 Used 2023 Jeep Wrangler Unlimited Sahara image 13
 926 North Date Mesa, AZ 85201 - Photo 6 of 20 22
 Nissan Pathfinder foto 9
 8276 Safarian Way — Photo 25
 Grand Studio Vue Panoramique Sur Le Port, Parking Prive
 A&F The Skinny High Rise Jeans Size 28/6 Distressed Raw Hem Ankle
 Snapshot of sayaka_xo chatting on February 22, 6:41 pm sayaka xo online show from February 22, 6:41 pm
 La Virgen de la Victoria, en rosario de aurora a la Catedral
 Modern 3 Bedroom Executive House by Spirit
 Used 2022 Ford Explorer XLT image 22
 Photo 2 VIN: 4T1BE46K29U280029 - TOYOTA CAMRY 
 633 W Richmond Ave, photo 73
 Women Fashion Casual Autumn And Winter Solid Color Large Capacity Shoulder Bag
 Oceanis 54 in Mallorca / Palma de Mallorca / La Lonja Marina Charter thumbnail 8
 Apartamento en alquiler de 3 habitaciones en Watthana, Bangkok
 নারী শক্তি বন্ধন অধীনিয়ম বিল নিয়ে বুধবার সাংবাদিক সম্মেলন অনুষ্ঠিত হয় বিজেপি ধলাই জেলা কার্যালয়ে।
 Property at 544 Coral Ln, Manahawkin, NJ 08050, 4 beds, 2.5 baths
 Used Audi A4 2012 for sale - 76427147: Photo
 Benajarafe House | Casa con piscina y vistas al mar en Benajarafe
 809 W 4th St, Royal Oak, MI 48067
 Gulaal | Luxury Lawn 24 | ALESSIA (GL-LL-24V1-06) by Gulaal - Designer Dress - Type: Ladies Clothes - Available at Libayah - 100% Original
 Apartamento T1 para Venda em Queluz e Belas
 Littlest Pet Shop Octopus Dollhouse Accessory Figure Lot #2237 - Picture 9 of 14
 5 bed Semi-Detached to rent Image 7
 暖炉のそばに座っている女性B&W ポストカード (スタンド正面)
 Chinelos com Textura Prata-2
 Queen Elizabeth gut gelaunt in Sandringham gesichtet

Exercise brief: Nothing but an exact copy of the lines from the first one above through the line holding "Snapshot of sayaka_xo" should be returned.

Task response:
 Used 2023 Jeep Wrangler Unlimited Sahara image 13
 926 North Date Mesa, AZ 85201 - Photo 6 of 20 22
 Nissan Pathfinder foto 9
 8276 Safarian Way — Photo 25
 Grand Studio Vue Panoramique Sur Le Port, Parking Prive
 A&F The Skinny High Rise Jeans Size 28/6 Distressed Raw Hem Ankle
 Snapshot of sayaka_xo chatting on February 22, 6:41 pm sayaka xo online show from February 22, 6:41 pm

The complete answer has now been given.